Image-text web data
+===+

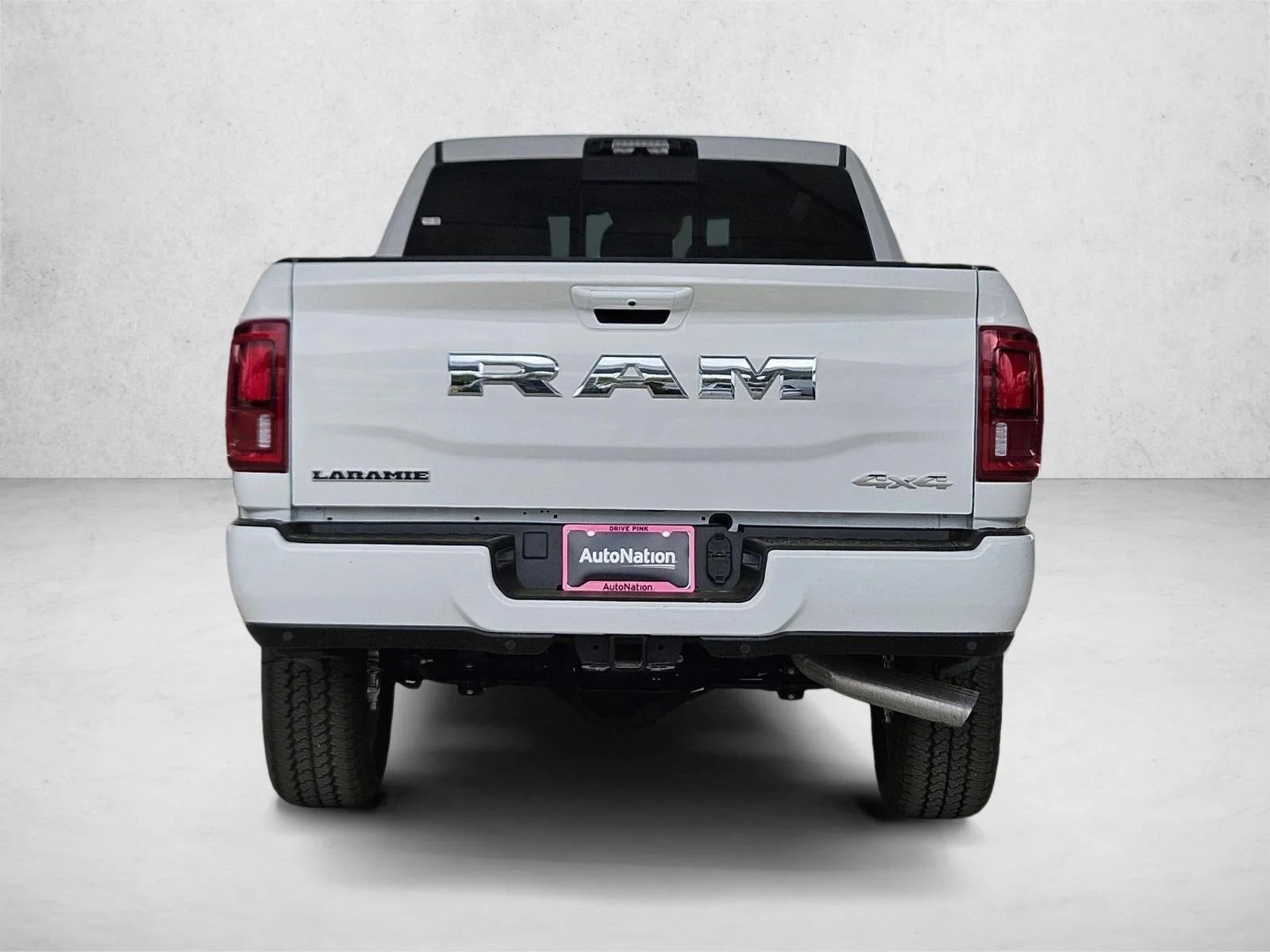 New 2026 Bright White Clear-Coat Exterior Paint RAM Laramie image 8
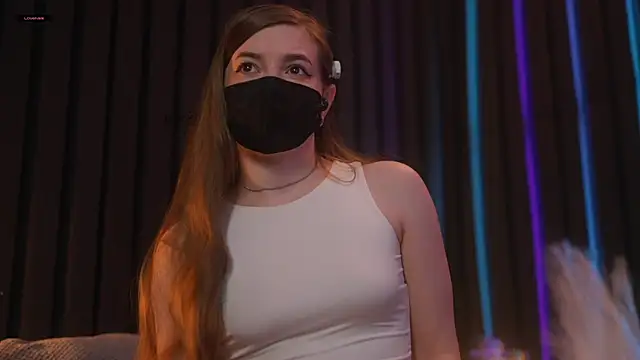 Snapshot of aarimass chatting on March 2025 02:13:02 PM aarimass online show from March 2025 02:13:02 PM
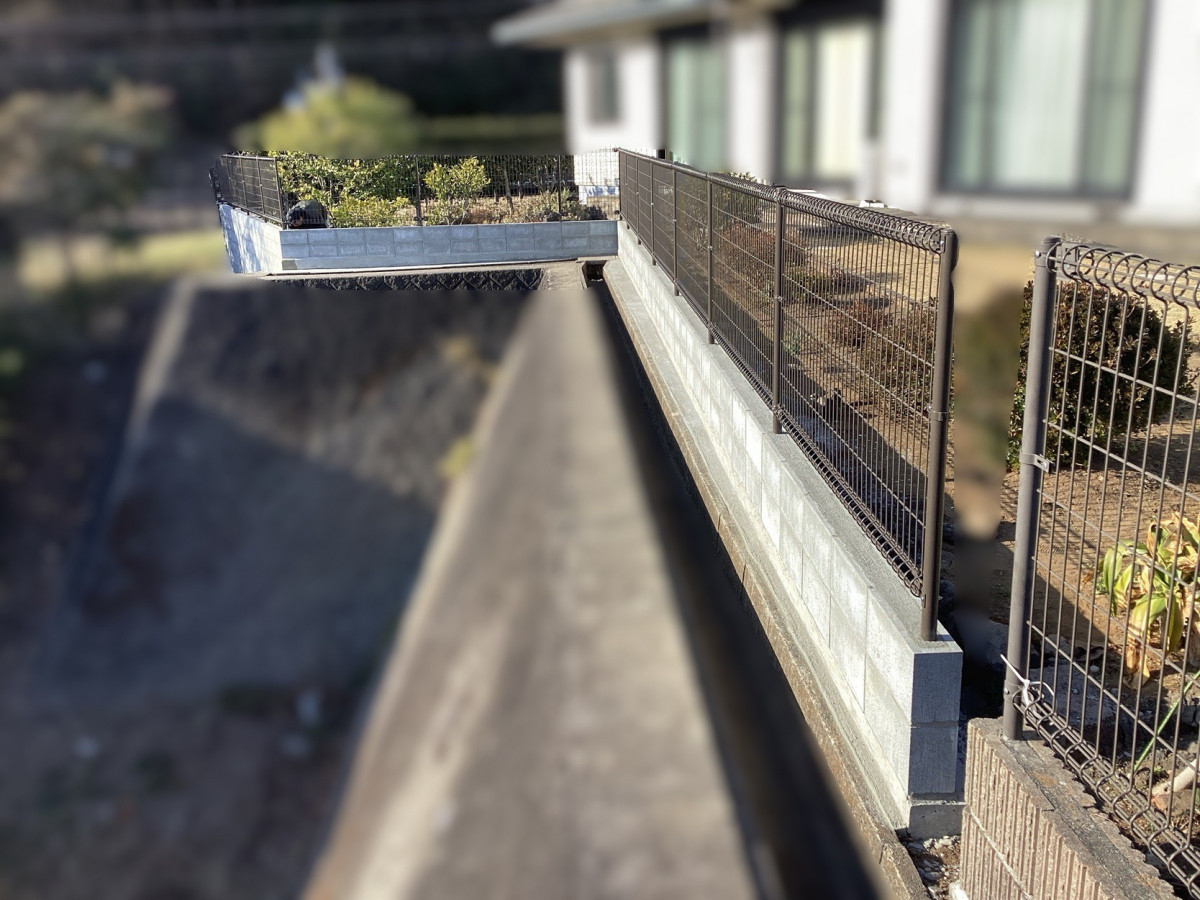 タケヒラトーヨーの”ハイグリッドフェンス”施工例　熱海市　リフォームの施工後の写真1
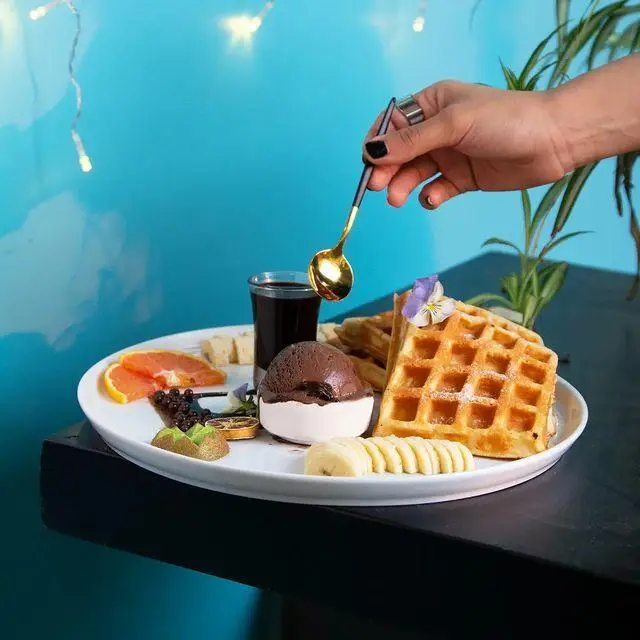 صبحانه لاکچری کافه لیدو پلاس با وافل تازه، بستنی شکلاتی، میوه‌های تازه و نوشیدنی. تجربه‌ای دلپذیر در کافه و کافی شاپ لیدو پلاس.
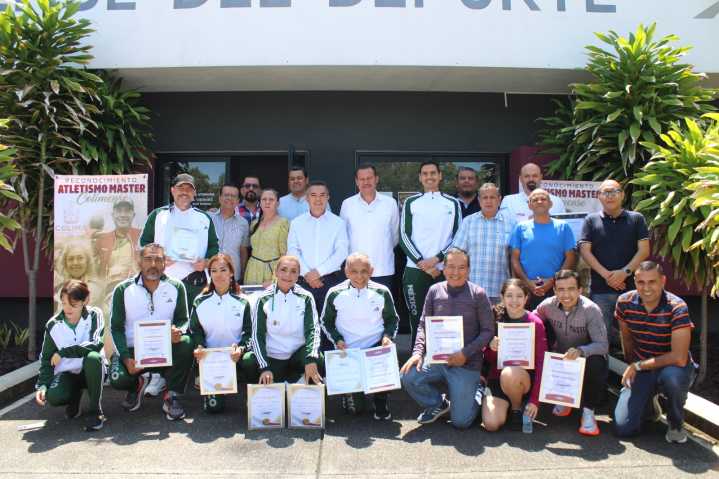 Incode entrega reconocimientos a atletas máster de Colima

+===+

▶ What to produce: Nothing but the lines from the one with "Snapshot of aarimass" through the end of the entries above, both included, should be set down, exactly and without pictures.

▶ Exercise answer:
 Snapshot of aarimass chatting on March 2025 02:13:02 PM aarimass online show from March 2025 02:13:02 PM
 タケヒラトーヨーの”ハイグリッドフェンス”施工例　熱海市　リフォームの施工後の写真1
 صبحانه لاکچری کافه لیدو پلاس با وافل تازه، بستنی شکلاتی، میوه‌های تازه و نوشیدنی. تجربه‌ای دلپذیر در کافه و کافی شاپ لیدو پلاس.
 Incode entrega reconocimientos a atletas máster de Colima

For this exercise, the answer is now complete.